Chiunque abbia incrociato maggiorenti o maître à penser della nostra città anche solo qualche anno fa, prima che la crisi si rivelasse tanto grave, ricorderà come il loro assunto architettonico di base non fosse la sola funzionalità di ciò che doveva essere progettato ma anche la sua capacità di stupire, la sua attrattività, la sua dote di innovazione estetica. Il pensiero, in sintesi, di ogni archistar del pianeta (e di ogni relativo committente).
Tra l’altro, a giustificazione del contrappasso estetico odierno, si può ritrovare negli annali riminesi la discussione sul ponte che avrebbe dovuto collegare la destra e la sinistra del porto (al posto del barchino che da anni traghetta turisti da una parte all’altra). Un ponte immaginato come una sorta di ennesima meraviglia moderna, luminosissimo perché Rimini vive di notte, porta del mare, porta aperta alle altre sponde adriatiche, faro che avrebbe indicato la città di Rimini tutta nuova. Insomma, una specie di Guggenheim Museum di Bilbao senza opere d’arte, opera in se stessa solamente.

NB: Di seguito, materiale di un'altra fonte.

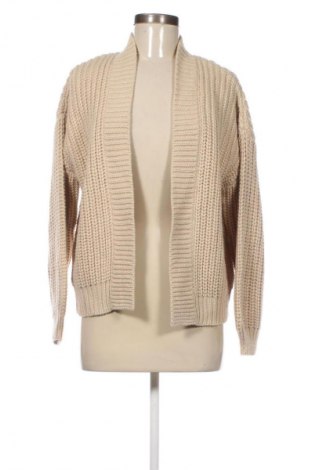 Női kardigán Reserved, Méret S, Szín Bézs, Ár 5 659 Ft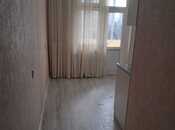 Satılır 3 otaqlı köhnə tikili 70 m², Memar Əcəmi m., photo 3 from 8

Ed eccoci invece qui, al progetto di un ponte, proprio lì vicino, che – a parte la tecnica costruttiva – sembra già vecchio di decenni e quanto di più prosaico si possa immaginare; di certo una sconfitta per chi immaginava sorti estetiche ben diverse per questa nostra città. Il sindaco Gnassi nel frattempo si è riparato dietro gli eventi, sorta di temporary shop dell’immagine cittadina; immaginiamo invece il capo del piano strategico che, sopra quel ponte, ci dovrà passare tutti i giorni.